Trouble is, I don't know that I buy that argument, for rather subtle reasons. However we define them, the number of "independent universe-sized regions" of space and time is countably infinite: we could in principle come up with some way of labeling each one by an integer. But many sets (like the real numbers) are uncountably infinite: no matter how you try to label each real number by an integer, you'll miss the vast majority of them. The real numbers are just a much bigger infinity than the integers are. Going on, the set of all possible curves in space is a yet larger infinity. (Assuming space and time are continuous! If they turn out to be discrete, then the set of curves has the same infinite size as the real numbers.)

The thing is, the set of "everything that could possibly happen" is a lot more like the set of all curves than like the set of integers: if anything, it's a still larger infinity. So no matter how large our multiverse may be, it's mathematically impossible for every possible history to occur somewhere. Does that mean that our Steven Colbert (on at 11:30) is the only one? Quite possibly so. I'm not convinced that the multiverse idea opens up as many possibilities as people sometimes think.

Comments

[marphod.livejournal.com]

There are many places in physics where the rationals are insufficient, and the reals are required. Anything that has a square effect (magnetic field strength, distance covered in an inertial reference frame under acceleration, etc.)

[jon-leonard.livejournal.com]

There are lots of kinds of numbers between the rationals and the reals: Quadratic surds (stuff you get by adding the square root operator), algebraic numbers, etc. Admittedly neither of those are sufficient for physics, since pi keeps showing up, but it's still not clear to me that you need all the reals. Well, all the complex numbers. You can't really do quantum physics with only real numbers.

[steuard.livejournal.com]

Yeah, pi and e are two of the big sticking points that I'd worry about when trying to develop a rationals-only physics. Oh, and by "rationals" I should be clear that I was thinking "complex rationals". (Now I'm starting to worry about whether that's well-defined in the ways I'd need, though.)

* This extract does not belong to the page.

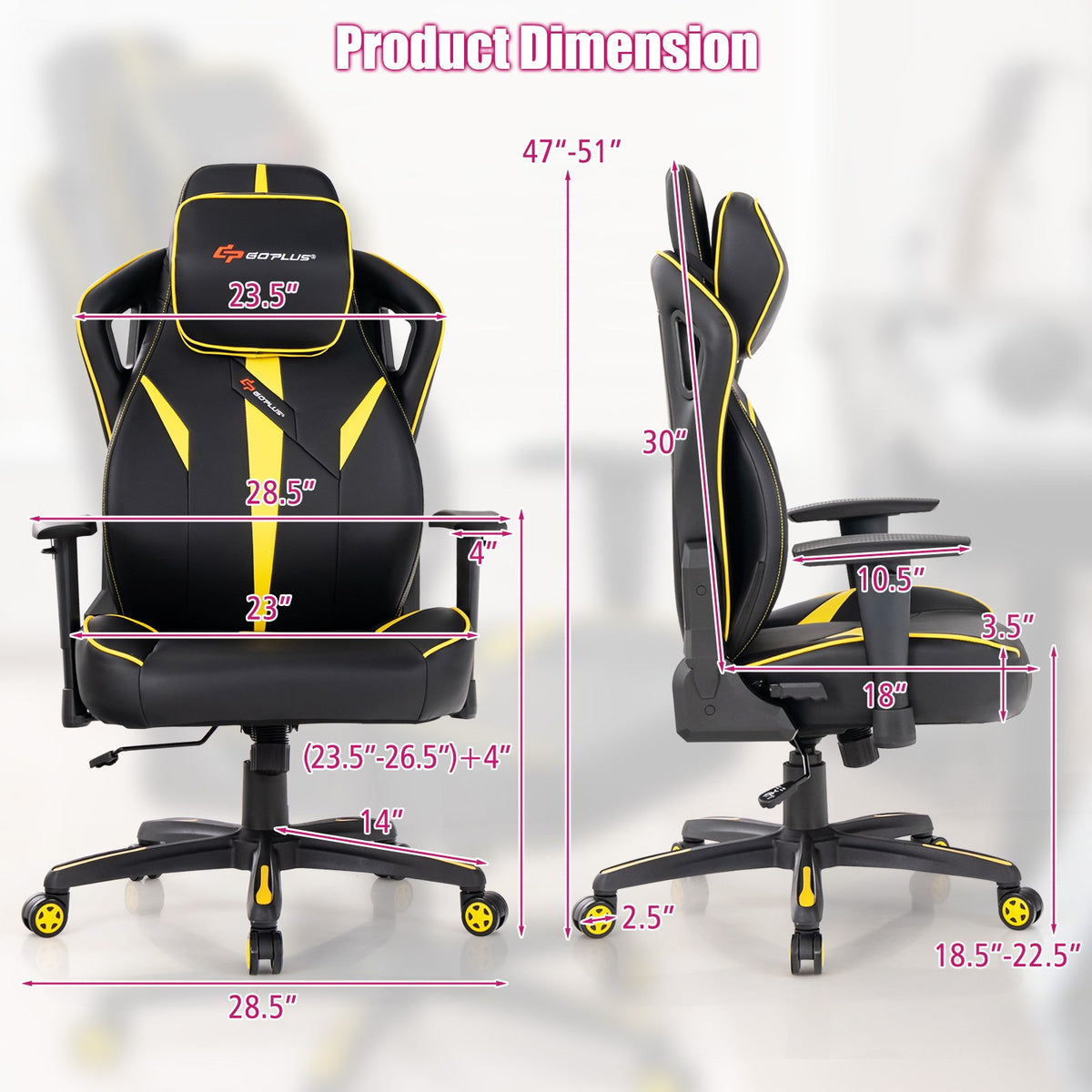 Ergonomic Gaming Chair with Adjustable Height and Reclining Backrest-Yellow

Though to be honest, my original thought was actually just that the space-time manifold would be Q^{3,1} rather than R^{3,1}; I hadn't followed that up in my head to conclude that the whole formalism would have to be based only on rationals. I'm still not sure.

[steuard.livejournal.com]

I guess what I'm thinking of here isn't "can you find a closed-form solution to an arbitrary equation of physics with just rationals" but rather "would it be possible to write a fully predictive theory with just the rationals". So I'm picturing less "find the speed of a block sliding down an inclined plane" and more "compute the scattering amplitude for this process in particle physics". And for that, all I really need to have in hand is the Lagrangian of the system (which can usually be written as a polynomial function of position and momentum) and some fancy integration (which I suspect could be sensibly defined over the rationals if one put in some effort).